Numbers will only rise with muzzleloader up and antlerless-only season on deck

by KEVIN NAZE, [email protected], Peninsula Pulse contributor

Door and Kewaunee County deer hunters combined to register 4,179 whitetails during the nine-day gun season that ended Nov. 27 – up slightly from last year, but about 450 fewer than the five-year average. Combined with the early bow, crossbow and youth gun season totals, hunters have registered about 6,000 deer so far on the Kewaunee/Door peninsula.

That number will continue to climb. The 10-day muzzleloader hunt ends Dec. 7, but it’s immediately followed by a four-day, antlerless-only gun deer hunt. After that, it’s back to camouflage for bow and crossbow hunters before nine more days of blaze during a holiday antlerless gun deer season Dec. 24 – Jan. 1. 

At a virtual media briefing Tuesday morning, Jeff Pritzl, a deer program specialist with the Department of Natural Resources, said the preliminary nine-day totals statewide were 203,295 deer taken, including 98,397 antlered bucks. He expected the numbers to rise by a thousand or two as additional registrations trickle in from those who did not register by 5 pm on Nov. 28.

Statewide, the total harvest was up 14.4% over last year and 7.7% over the five-year average. The biggest increases were in the Northern and Central Forest zones.

Locally, Door County hunters registered 1,131 antlered bucks and 1,260 antlerless, for 2,391 total.
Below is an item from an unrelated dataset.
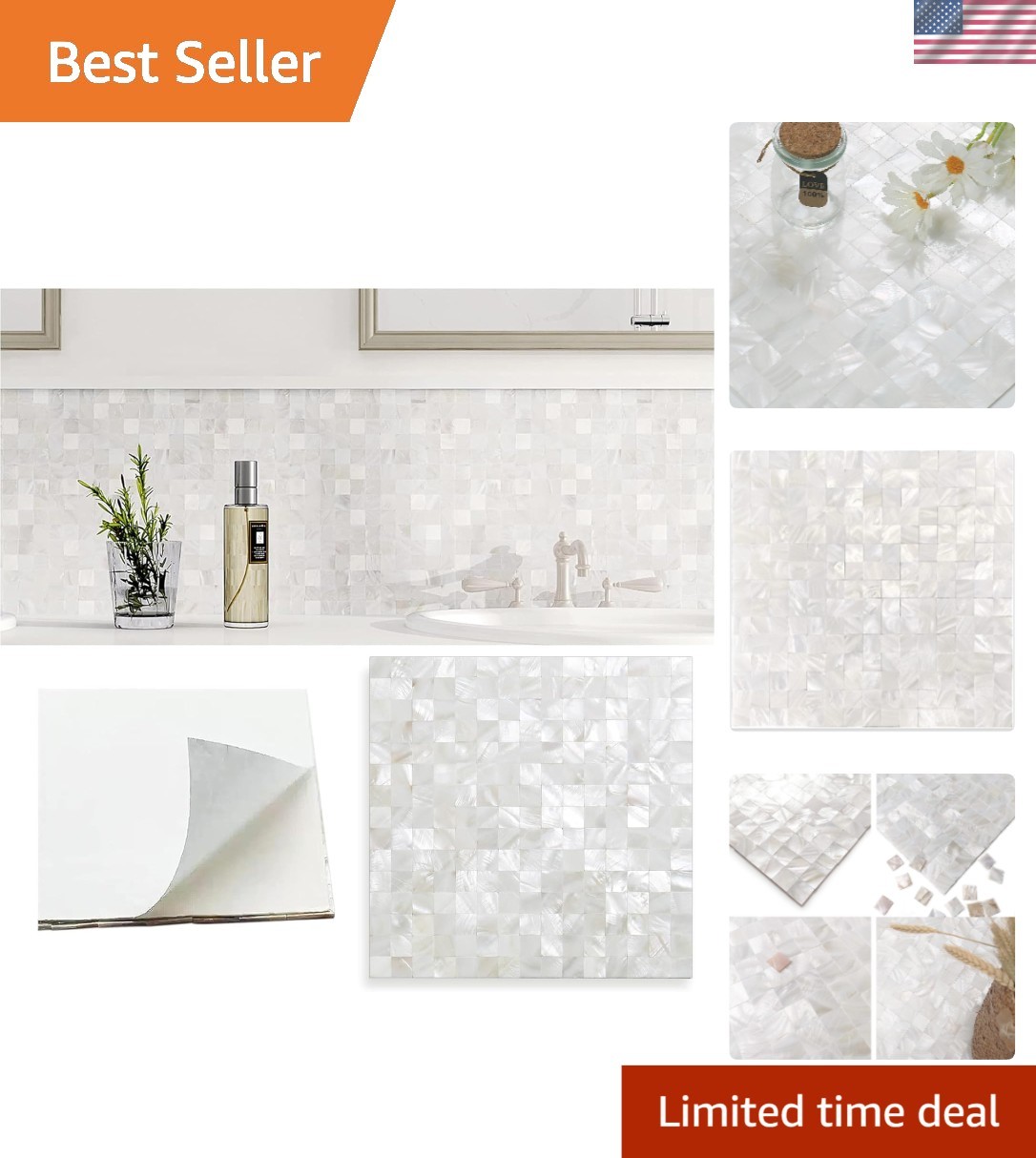 Elegant Peel and Stick Mother of Pearl Backsplash, 10 sq.ft., Ivory White Tiles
That’s up 4.5% over 2021, but down 6.8% from the five-year average. 

Kewaunee County hunters registered 729 bucks and 1,059 antlerless for a total of 1,788 – down 1.9% from last year and 13.4% below the five-year average. 

Combined with the bow, crossbow, youth hunt and deer taken on damage permits, Door was up to 3,424 (1,690 bucks) through Nov. 28, while Kewaunee had 2,549 (1,155 bucks).

Door County’s deer harvest has surpassed 4,000 in eight of the past 15 years, including a record 5,264 in 2017. Last year, only 3,940 were registered by hunters – the least since 2014. About 90% of the deer are taken on private land.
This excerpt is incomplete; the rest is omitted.